------ MATERIAL PROVIDED

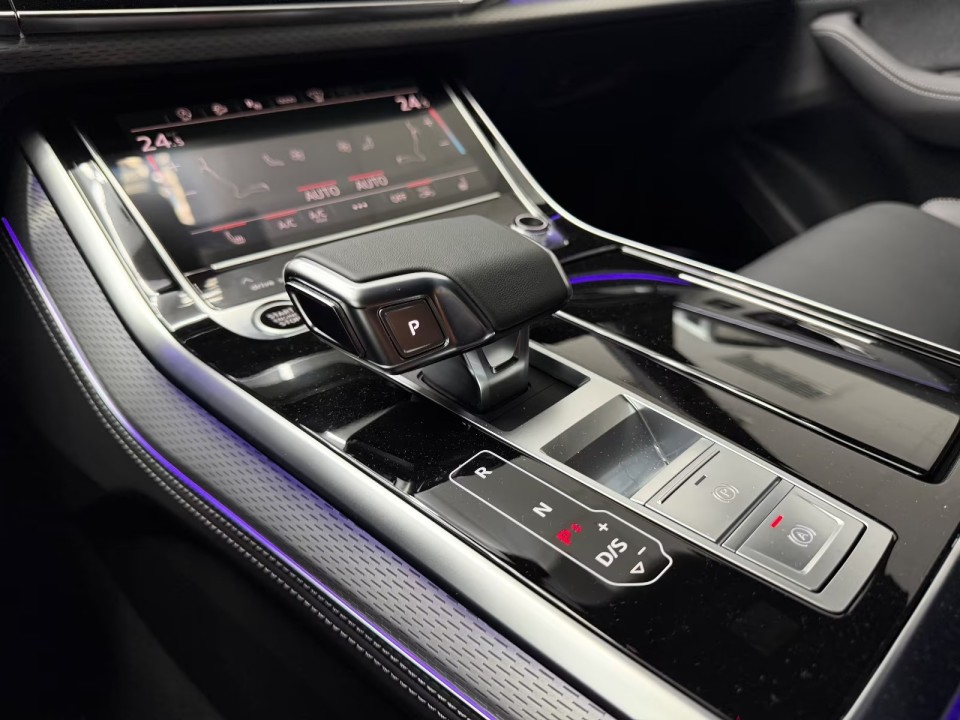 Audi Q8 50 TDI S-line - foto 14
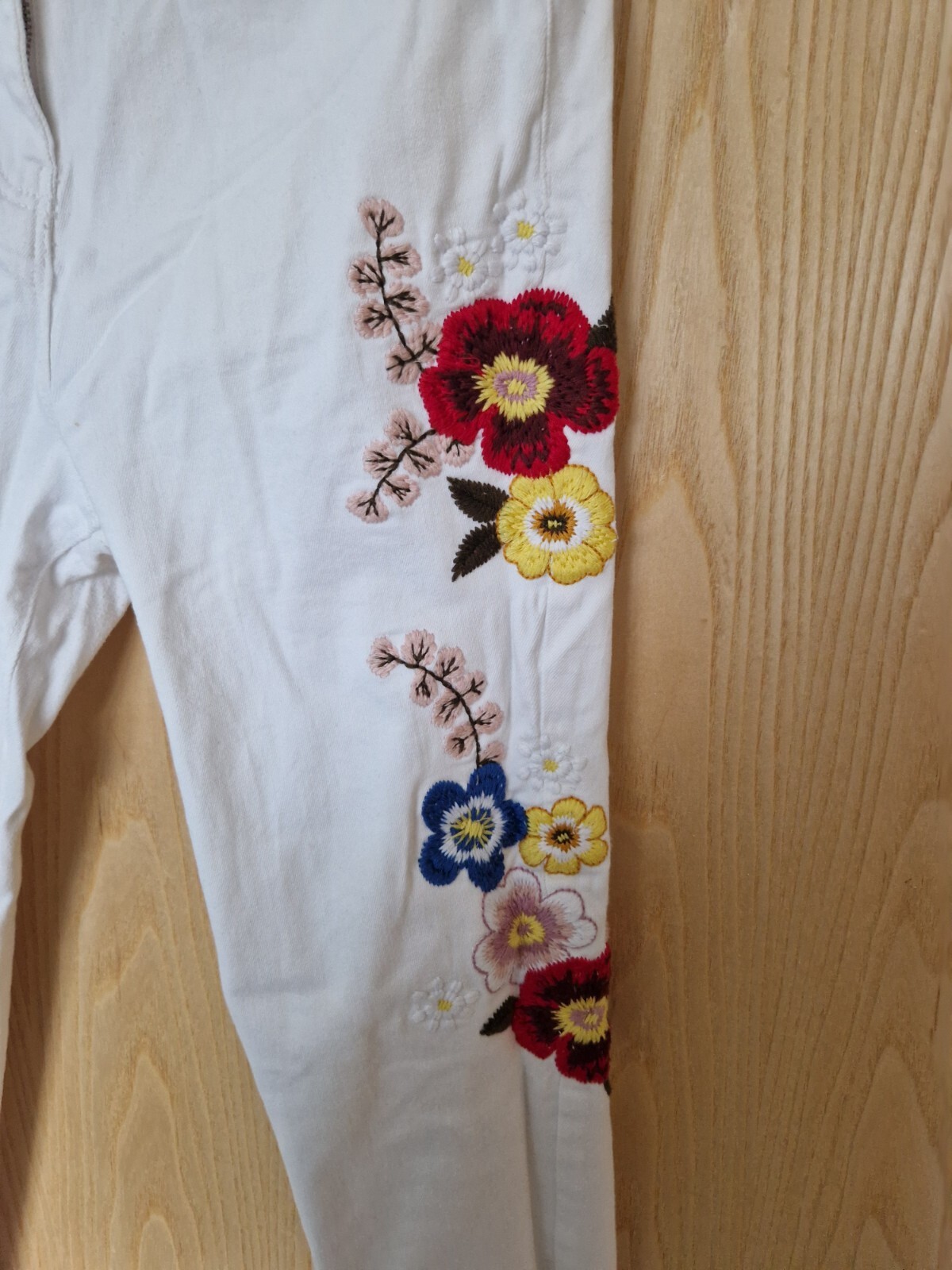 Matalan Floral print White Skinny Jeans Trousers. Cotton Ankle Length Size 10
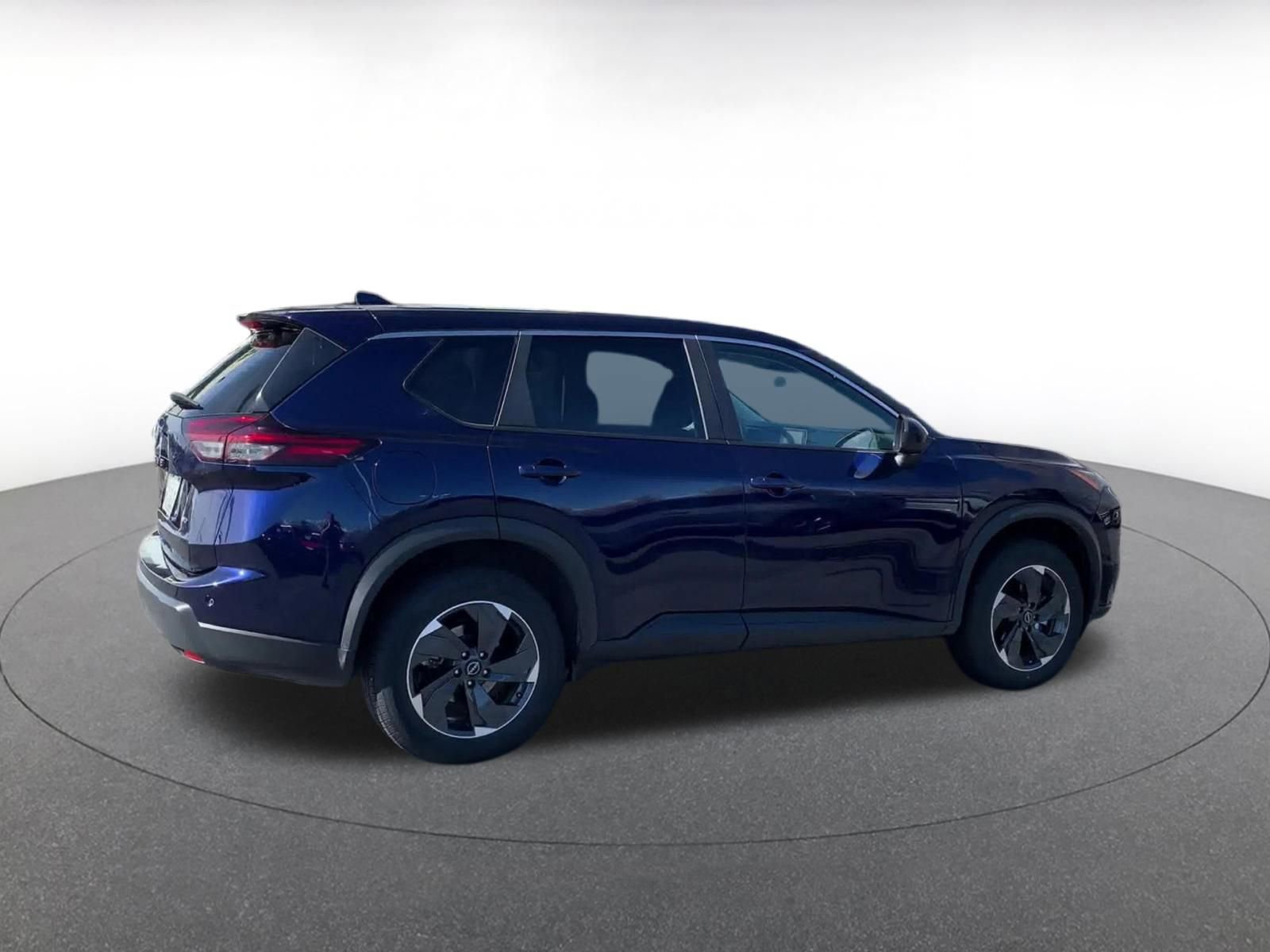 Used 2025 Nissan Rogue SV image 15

------------

*AIM OF THE EXERCISE:*
Every line above goes into the copy unchanged; the pictures do not.

*RESPONSE:*
 Audi Q8 50 TDI S-line - foto 14
 Matalan Floral print White Skinny Jeans Trousers. Cotton Ankle Length Size 10
 Used 2025 Nissan Rogue SV image 15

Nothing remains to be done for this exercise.